━━━ SUPPLIED MATERIAL
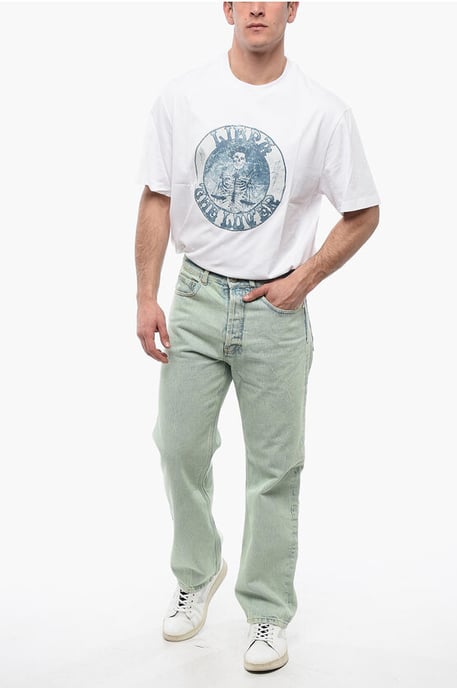 Straight Fit OVERDYE LOGO Denim met riemlussen 24 cm in lichtblauw - Image 4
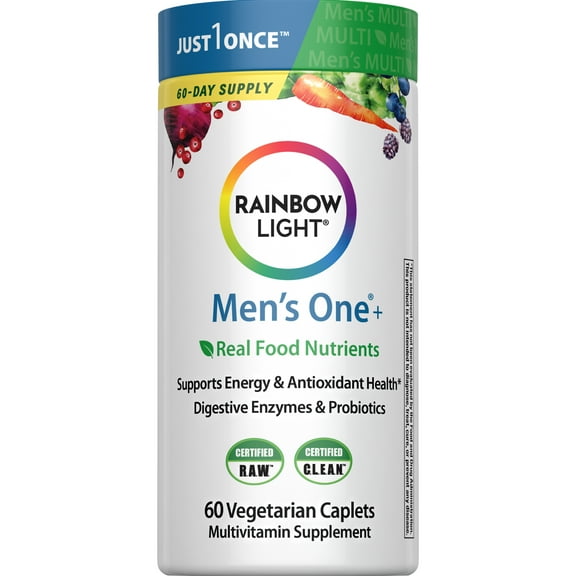 Men's One Multivitamin with Vitamin C, D, Zinc, and Probiotics | 60 Vegetarian Tablets | by Rainbow Light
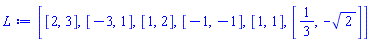[[2, 3], [-3, 1], [1, 2], [-1, -1], [1, 1], [1/3, -2^(1/2)]]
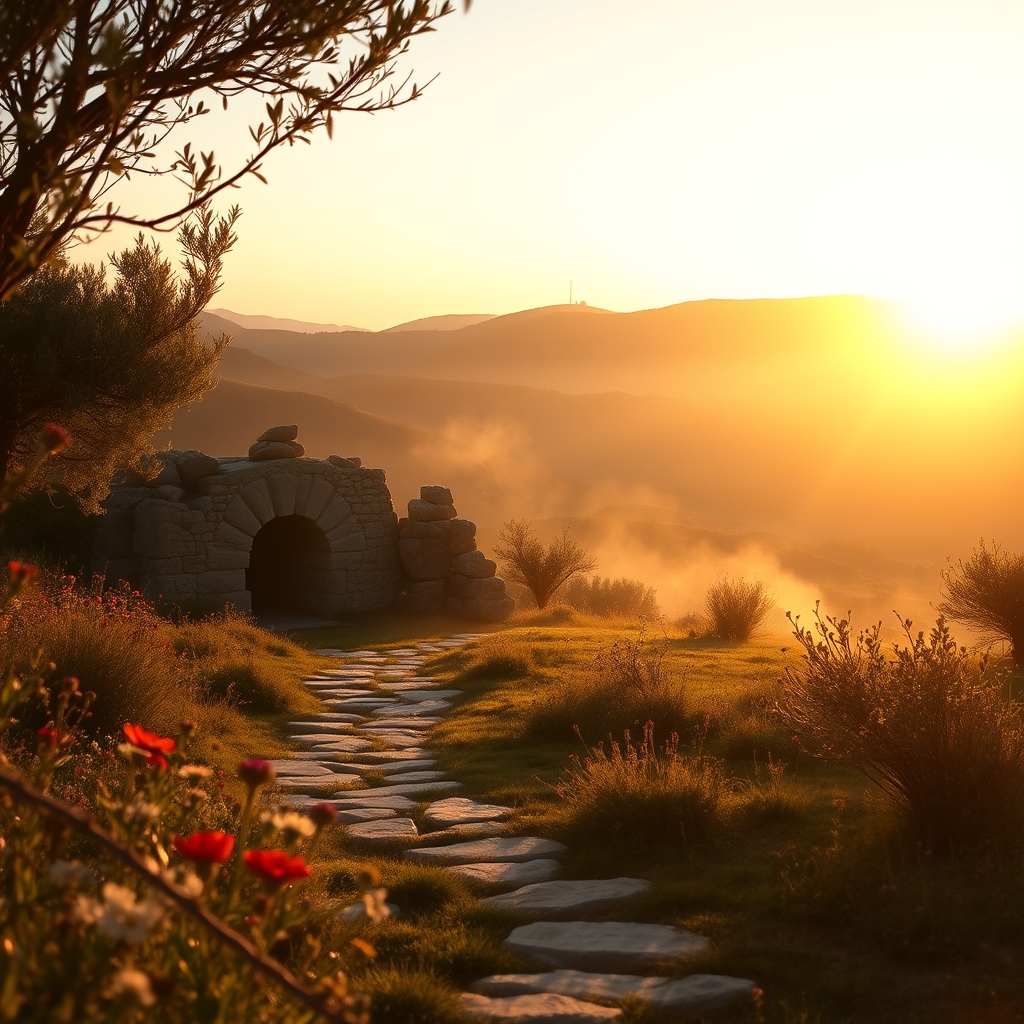 A photorealistic sunrise over a peaceful garden landscape with an ancient stone tomb entrance at dawn, bathed in warm golden light, evoking the hope and reverence of Easter morning.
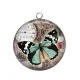 Pendentif Cabochon Argent - papillon Steampunk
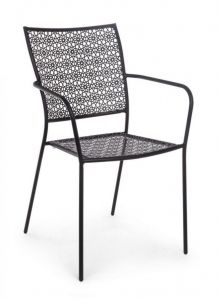 Bizzotto Jodie Καρέκλα Εξωτερικού Χώρου Μεταλλική Ανθρακί 57x55x89
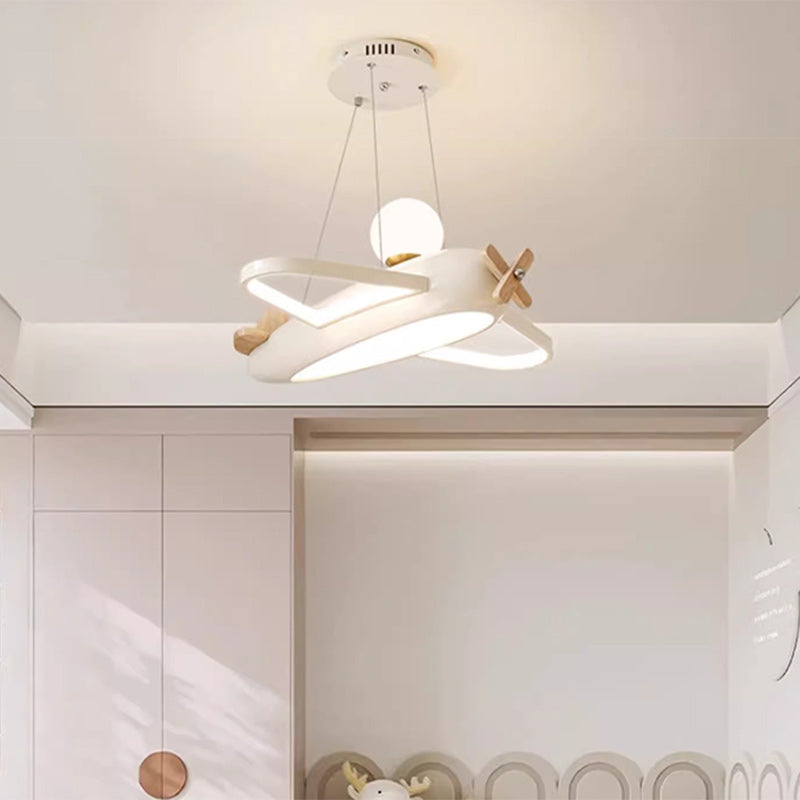 Lumendat Contemporary Creative Kids Aircraft Resin Metal Glass Acrylic LED Chandeliers For Bedroom Lumendat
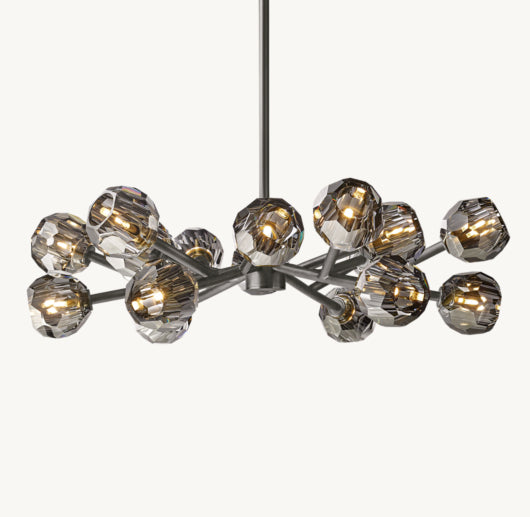 BOULE DE CRISTAL SMOKE GLASS ROUND CHANDELIER 36"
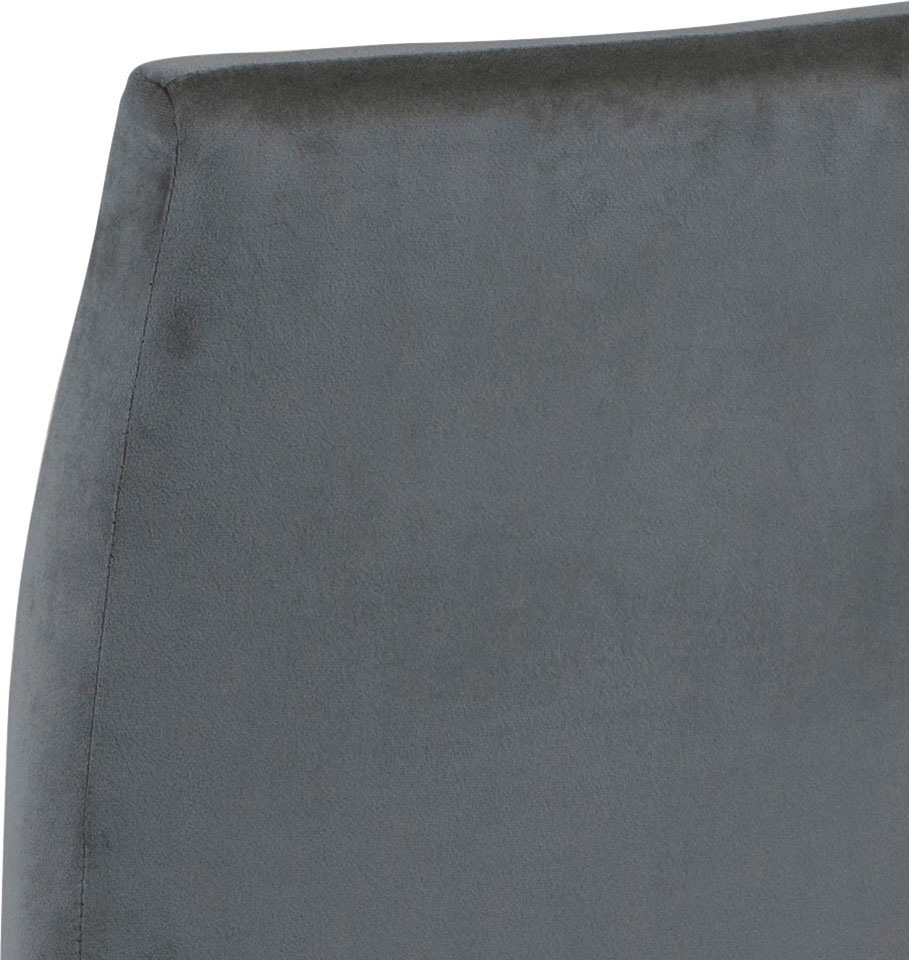 ACTONA GROUP Chaise de salle à manger »Doris« (Ensemble) 2 cuisavec tissu vivant, pieds métalliques noirs et fins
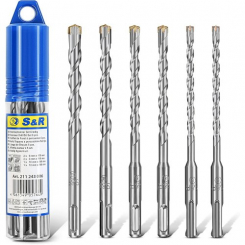 Набір бурів S&R SDS-plus 6 шт. у тубусі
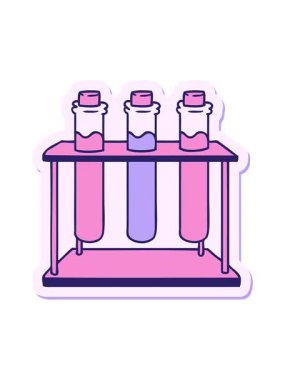 Bir bilim test tüpünün el çizimi çizgi film karalamalarının hareketli animasyonu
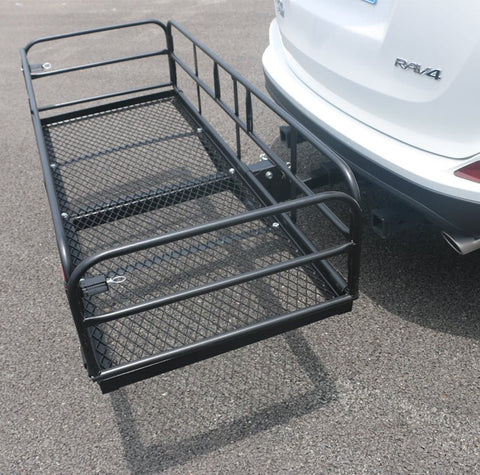 Folding cargo rack installed on SUV with 2-inch receiver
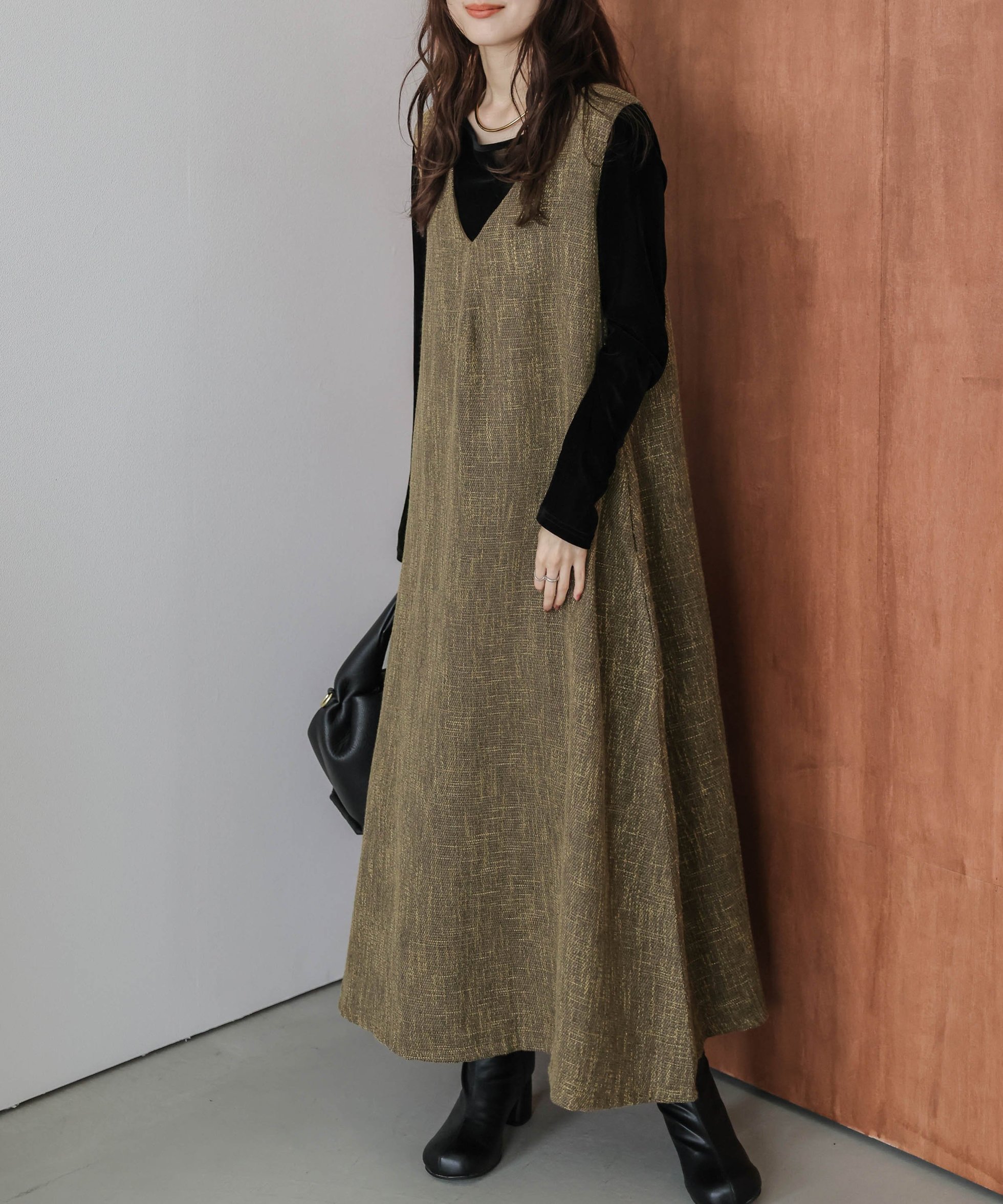 【ラジュール/Lajour】のツイードフレアジャンパースカート インテリア・キッズ・メンズ・レディースファッション・服の通販 founy(ファニー) 　ファッション　Fashion　レディースファッション　Fashion for Women　スカート　Skirts　2025年　2025　2025-2026秋冬・A/W　Autumn/Winter 2025–26 AW25–26　インナー　Innerwear　キャミソール　Camisole, Spaghetti Strap Top　タートルネック　Turtleneck, High Neck　ツイード　Twill, Twill Weave　フェミニン　Feminine, Girly　エレガント 上品　Elegant　ブラウン|ID: prp329100004749122 ipo3291000000034633421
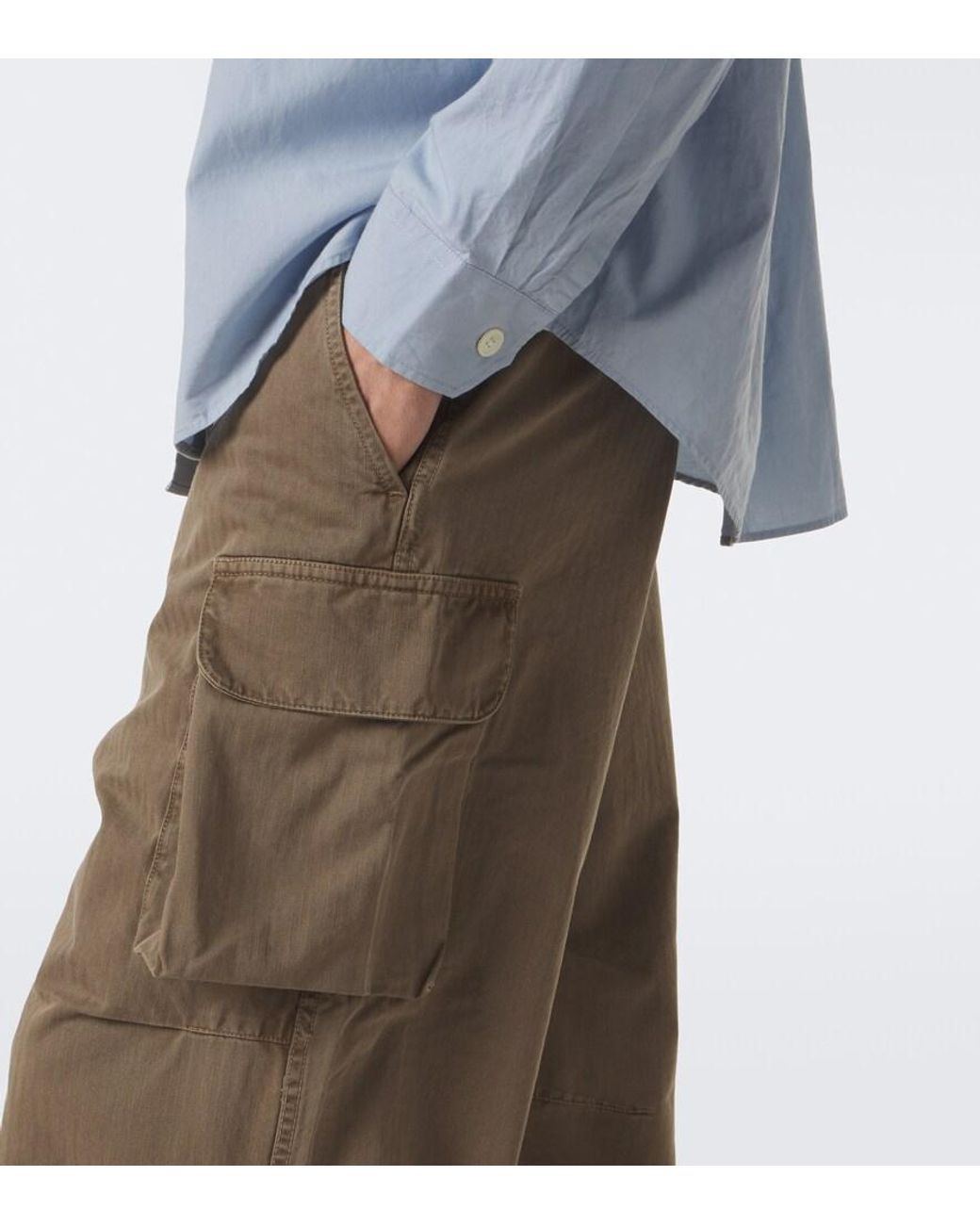 Our Legacy Natural Mount Herringbone Cotton Cargo Pants for men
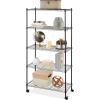 Whitmor 3 Tier Shelving Unit, Metal Storage Shelves, Adjustable Heavy Duty Shelf with Wheels , 400 lbs Capacity per Shelf, 1200 lbs Total for Home, Garage, Workshop, 23″L x 13″W x 30″H, Chrome(5-TIER  30.1″L x 14.2″W x 60″H)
━━━━━━
REQUIRED ACTION: Begin at the line containing "Our Legacy Natural" and stop at the last line of the data. Repeat only those lines, exactly, and leave out the pictures.

RESPONSE AREA:
 Our Legacy Natural Mount Herringbone Cotton Cargo Pants for men
 Whitmor 3 Tier Shelving Unit, Metal Storage Shelves, Adjustable Heavy Duty Shelf with Wheels , 400 lbs Capacity per Shelf, 1200 lbs Total for Home, Garage, Workshop, 23″L x 13″W x 30″H, Chrome(5-TIER  30.1″L x 14.2″W x 60″H)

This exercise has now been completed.